Serangan Iran terhadap Israel dan rencana pemangkasan suku bunga the Fed menjadi sentimen utama yang mempengaruhi gerak rupiah. Hal ini pun ditegaskan kembali oleh Deputi Gubernur Senior Bank Indonesia (BI) Destry Damayanti.
BI memastikan perekonomian domestik dalam kondisi baik, meskipun kini nilai tukar rupiah dalam tren pelemahan yang cukup dalam terhadap dolar Amerika Serikat (AS).
Menurut Destry, dolar yang kini sudah menembus Rp16.200 disebabkan oleh sentimen negatif dari global. Tak cuma Indonesia, hampir seluruh mata uang juga bertekuk lutut di depan dolar AS.
“Mari kita jangan membuat pasar panik, karena akan merepotkan. Karena sebenarnya tidak ada masalah di dalam negeri, ini memang disebabkan oleh faktor global,” katanya di Istana Kepresidenan, Jakarta, dikutip Kamis (18/4/2024).

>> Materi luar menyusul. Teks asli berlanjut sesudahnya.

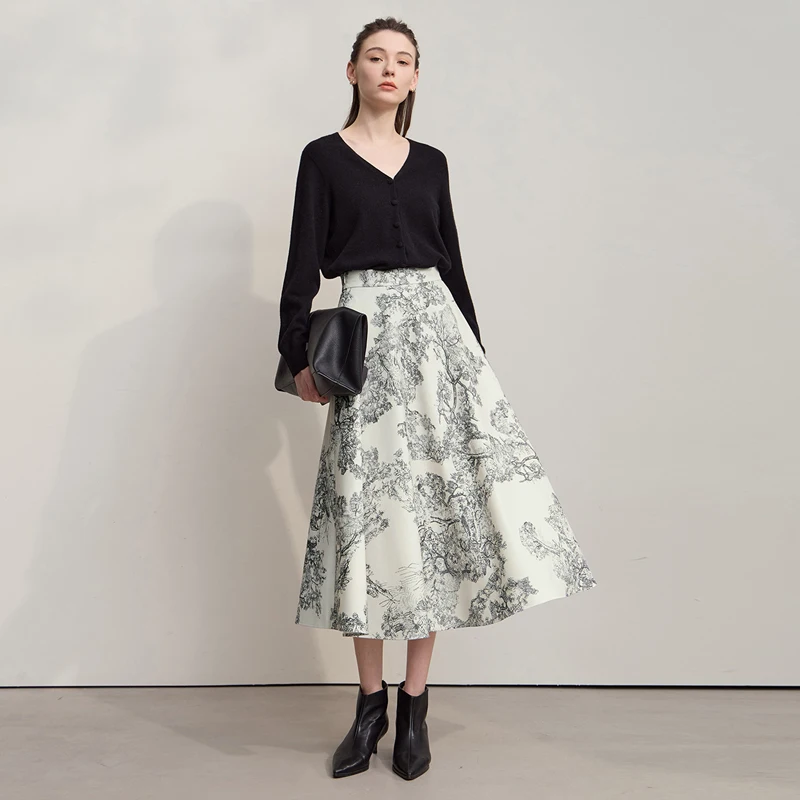 AMII Damesrok 2025, Herfst Nieuwe Handgeschilderde Afdrukken Veelzijdige Losse Rokken Voor Vrouwen A-lijn Elegante Chiffon Rok 12543192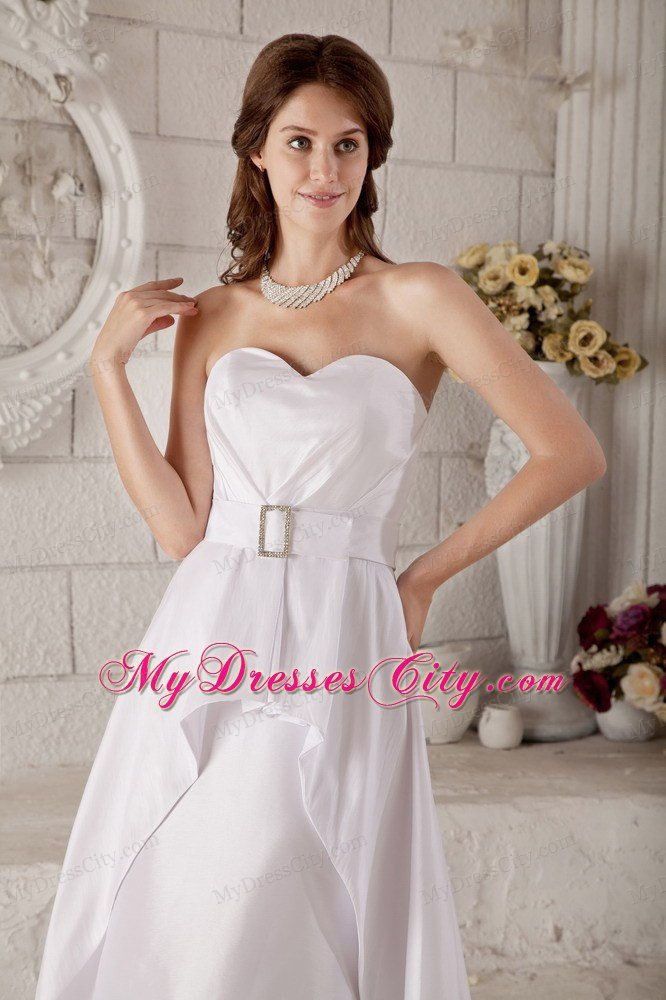 Cute Princess Sweetheart Brush Train Taffeta Belt Bridal dress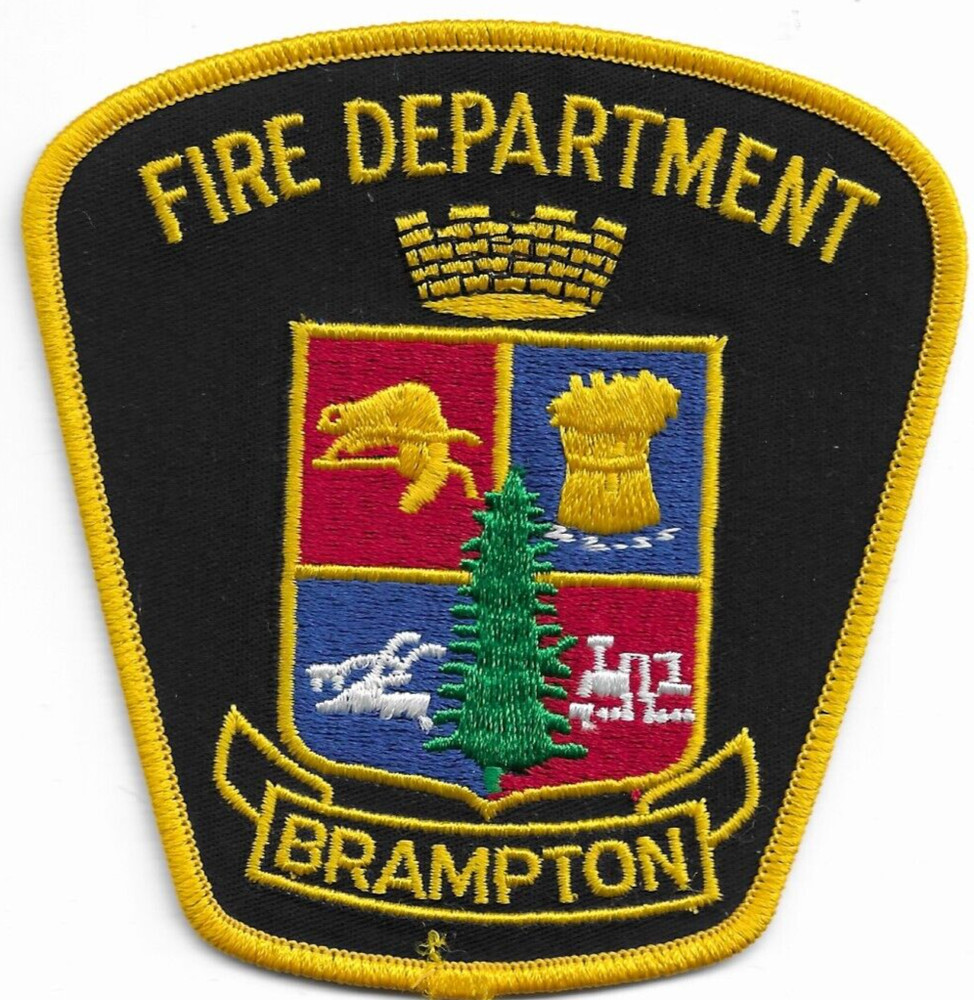 Brampton Fire & Emergency Services - gold, Ontario, Canada (4" x 4") fire patch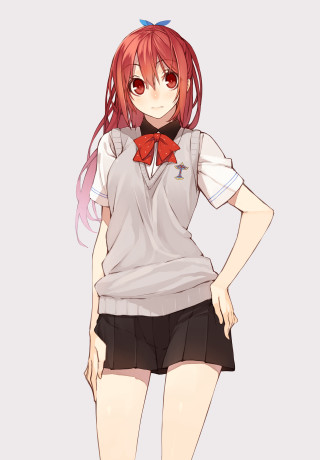 Girl red hair bow tie 5 - fullbody free wallpaper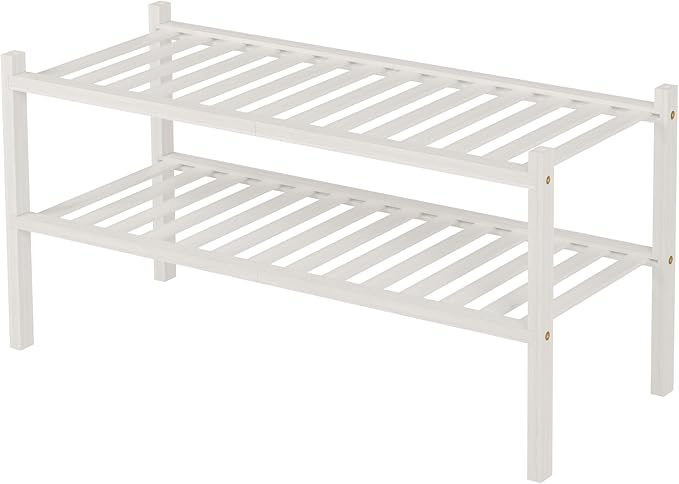 ROMGUAR CRAFT 2 Tier Bamboo Shoe Rack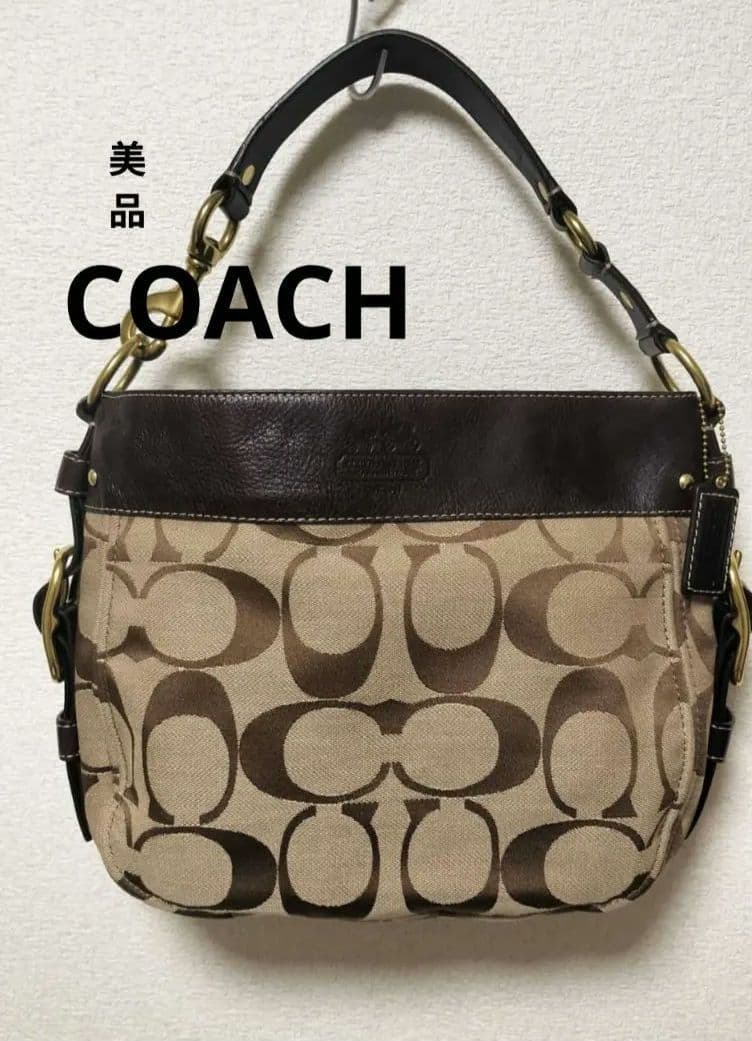 美品 COACH コーチ ショルダーバッグ ベージュ/ブラウン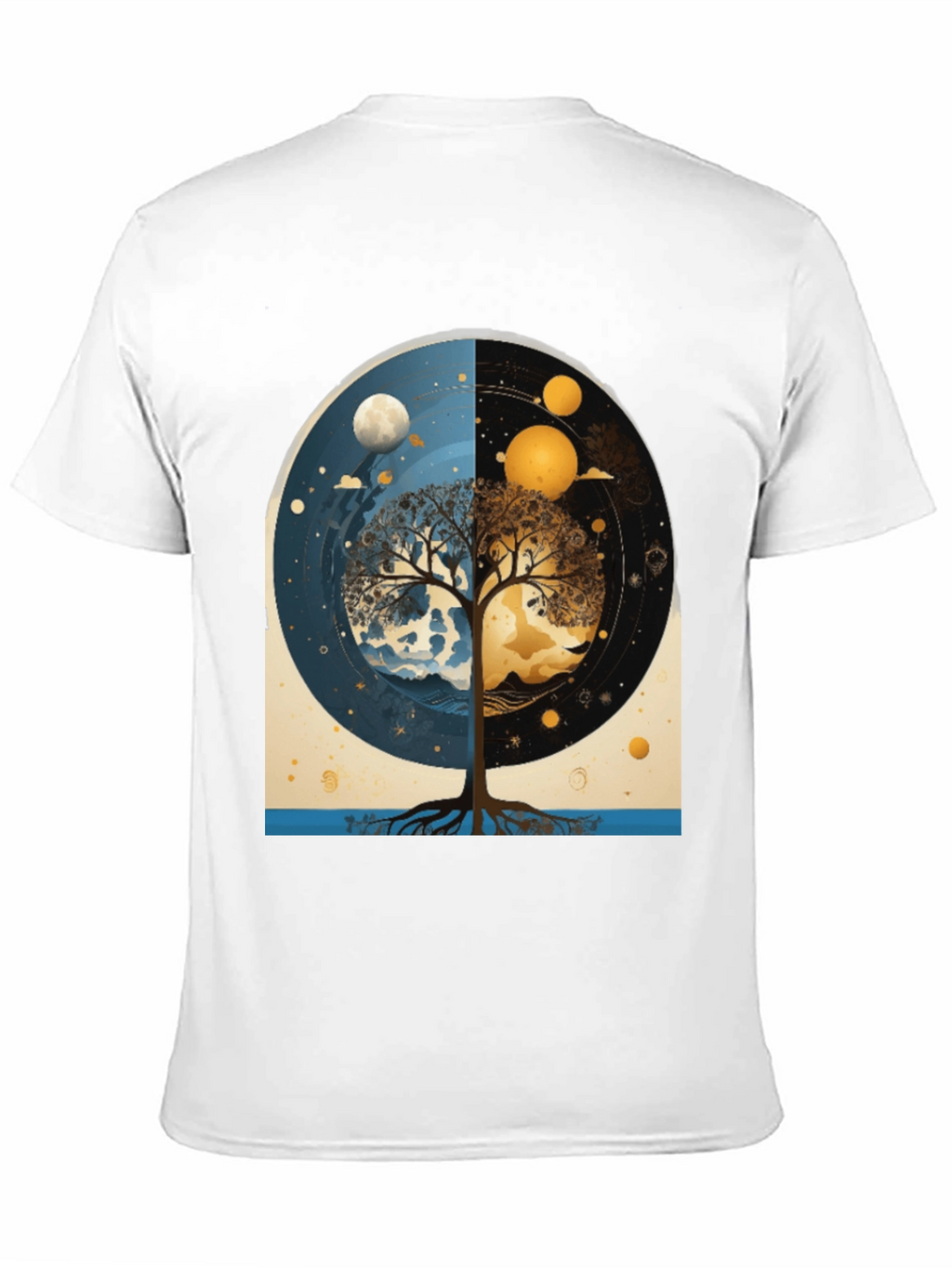 Yin Yang Tree Black T-Shirt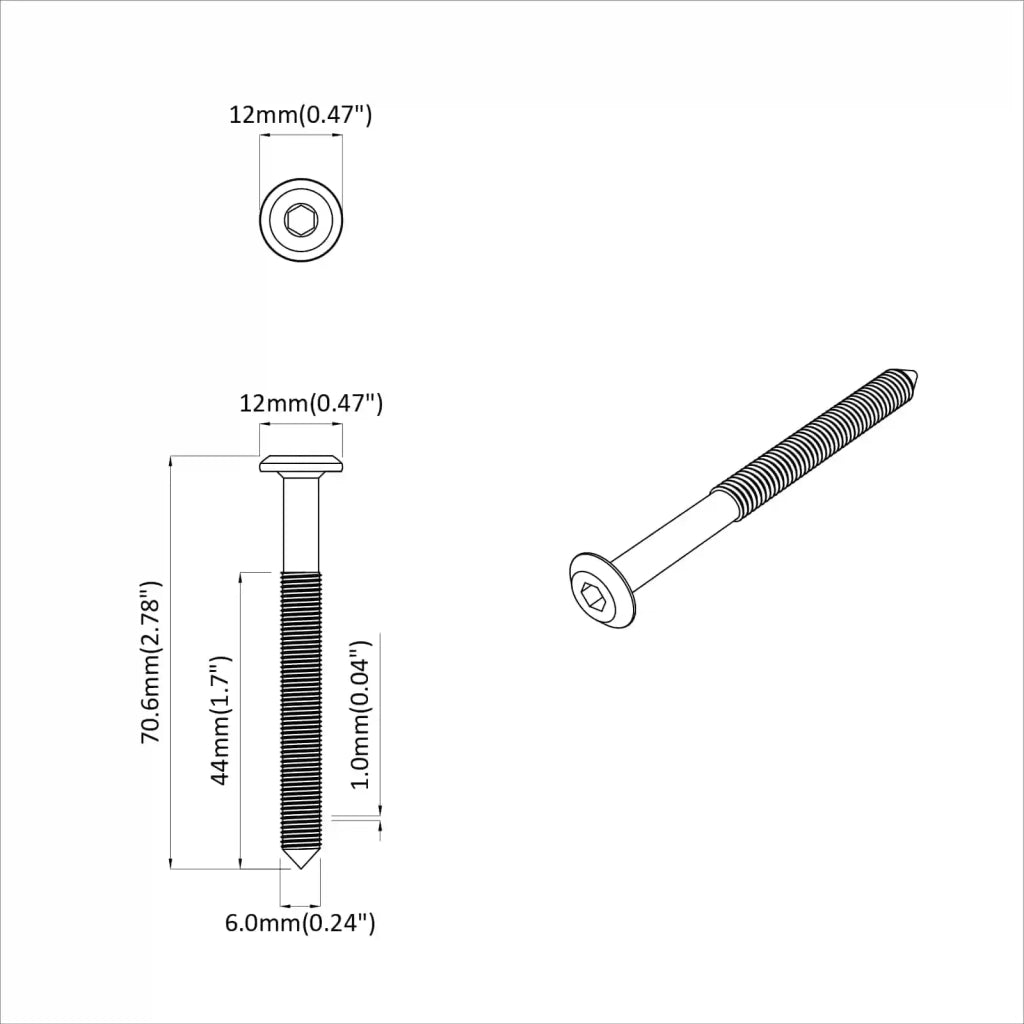 Viti per mobili 2 pz Argento M6 x 70 mm Acciaio CFW2123732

Sementara itu, Mantan Menteri Keuangan Bambang Brodjonegoro menganggap konflik antara Iran dan Israel telah memperlihatkan kelemahan perekonomian Indonesia. Kelemahan tersebut adalah ketidakstabilan eksternal Indonesia dari ketidakpastian global, seperti konflik antara kedua negara tersebut.
Titik lemah ini membuat rupiah sering terguncang saat ada sentimen dari luar. Padahal, Bambang memastikan ekonomi Indonesia memiliki kinerja yang baik.
“Secara jujur, meskipun pertumbuhan ekonomi kita stabil dengan pertumbuhan rata-rata 5% per tahun dan inflasi yang terkendali sekitar 3% atau lebih rendah, tetapi masih ada kerentanan dalam hal keseimbangan eksternal yang tercermin dari neraca perdagangan kita,” kata Bambang dalam acara CNBC Indonesia Closing Bell, seperti yang dikutip Kamis (18/4/2024).
Dia mencontohkan ketidakstabilan keseimbangan eksternal Indonesia dapat dilihat dari kondisi rupiah saat ini, terutama ketika menghadapi suku bunga yang tinggi di Amerika Serikat. Menurutnya, jika perekonomian Indonesia kuat secara internal, maka Indonesia tidak akan kesulitan menghadapi gejolak global akibat kebijakan suku bunga yang diterapkan The Federal Reserve.
“Dengan suku bunga yang tinggi misalnya di Amerika, akan mudah terjadi arus keluar… jika kita memiliki kekuatan internal untuk menjaga keseimbangan eksternal tersebut, seharusnya dampaknya tidak akan terlalu merugikan,” ujarnya.